The paper mainly focused on how fragile this planetary system is. The TRAPPIST-1 planets we’ve detected orbit both really close to their star, but also to each other. They’d basically look like moons in each others’ skies.
The planets are also spaced at precise distances from each other. They’re in resonance, which means that the lengths of their years relate to one another. As an example, for every eight years on the planet TRAPPIST-1b, exactly five years pass on planet 1c. To get this special relationship, previous research has suggested that all the planets had to have formed farther away from their star within just a few million years — significantly faster than Earth. Then, they would have migrated inward while there was still a disk filled with smaller planet-making materials. And this disk would have guided the system into resonance. If that’s what happened, the TRAPPIST-1 system has been stuck in this arrangement for literally longer than Earth has existed. But it’s a super fragile one.

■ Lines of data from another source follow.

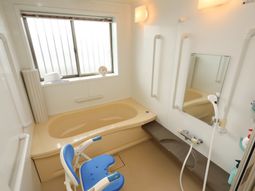 バリアフリーの明るい浴室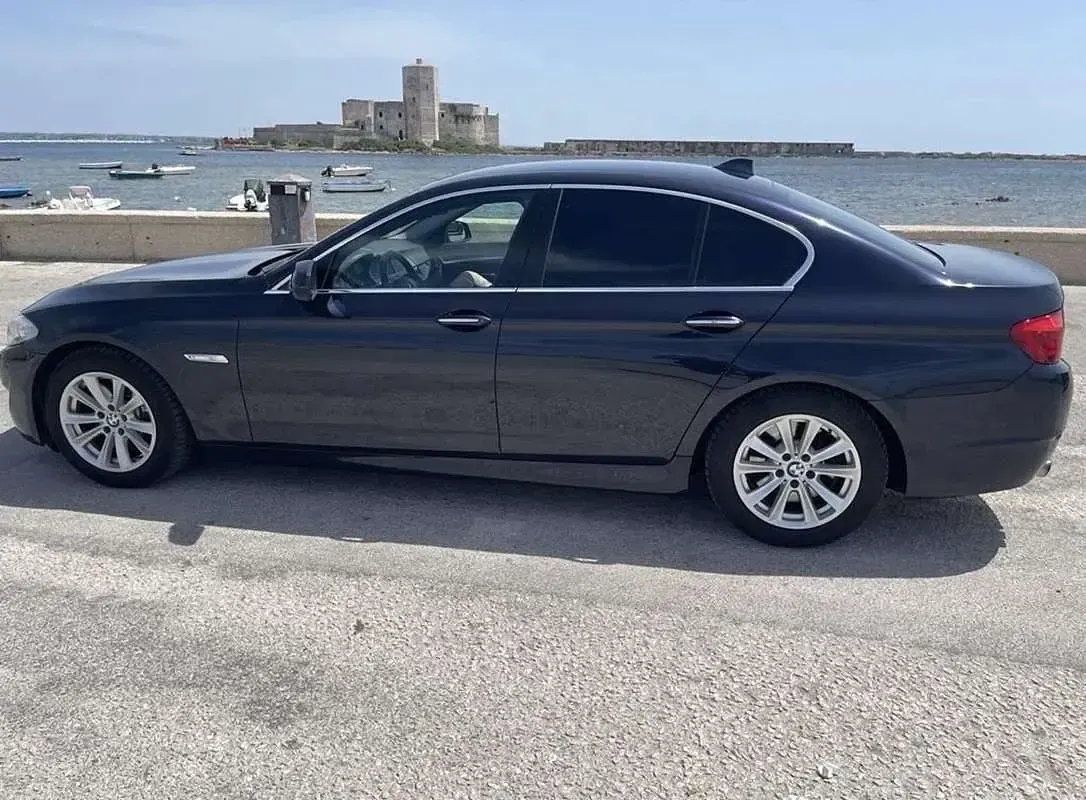 Usata BMW 525 Comfort Edition 204 CV (150 kW) 2010 Blu/azzurro Berlina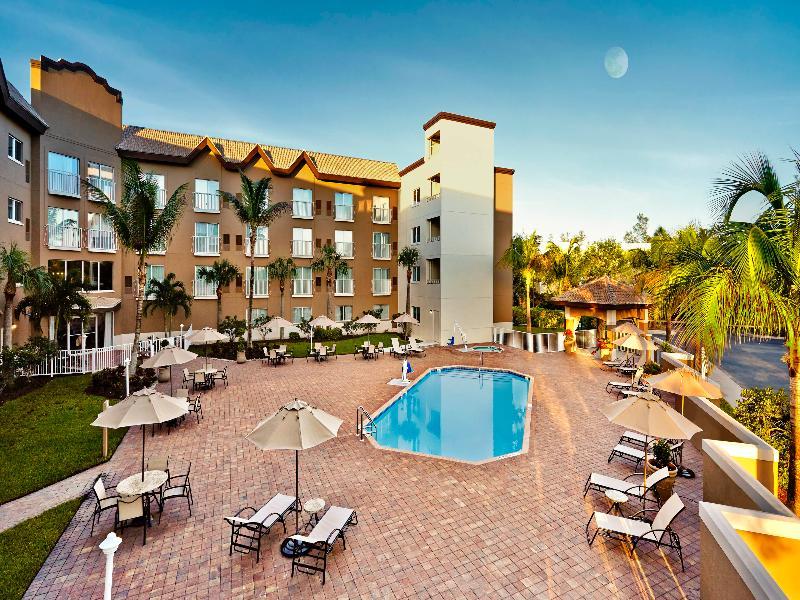 Holiday Inn Express & Suites Naples Downtown - 5Th Avenue By Ihg Exterior photo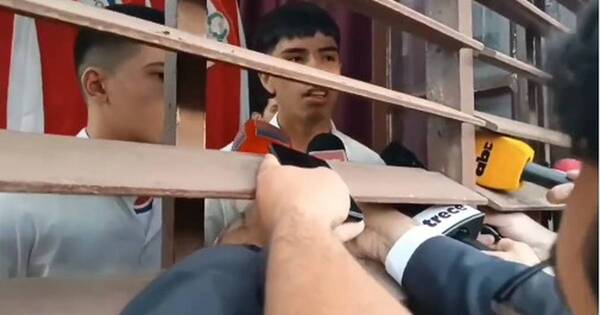 La Nación / Alumnos toman el CNC y exigen presencia de las autoridades del MEC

Like, if a space rock smashed into one of these planets with enough force, or if too many smaller rocks smashed into several of them over and over, the entire thing would break down. In fact, the astronomers behind this new paper calculated the maximum amount of stuff that could have smashed into these worlds without disrupting their orbital harmonies. According to their computer simulations, the TRAPPIST-1 planets couldn’t have been hit by more than a combined mass equivalent to Mercury over the past seven-ish billion years. And that brings us back to the planets’ water.
If these worlds couldn’t handle being bombarded by asteroids like Earth, where did their water come from? Well, there was a lot of uncertainty in these models, but the researchers found that even a little bombardment could have delivered an ocean’s worth of water, especially to the outer planets. Alternatively, if these worlds did form farther from their star, they may have started with a bunch of water in the first place.
And they may have been cool enough that all of their water didn’t boil away as they migrated toward their star. ~ To get a more detailed look, astronomers will have to wait for the ultra-powerful James Webb Space Telescope to come online. But the incredible news is, after years of delay, the telescope is finally scheduled to launch in less than a month! So it’s only a matter of time before we start getting data.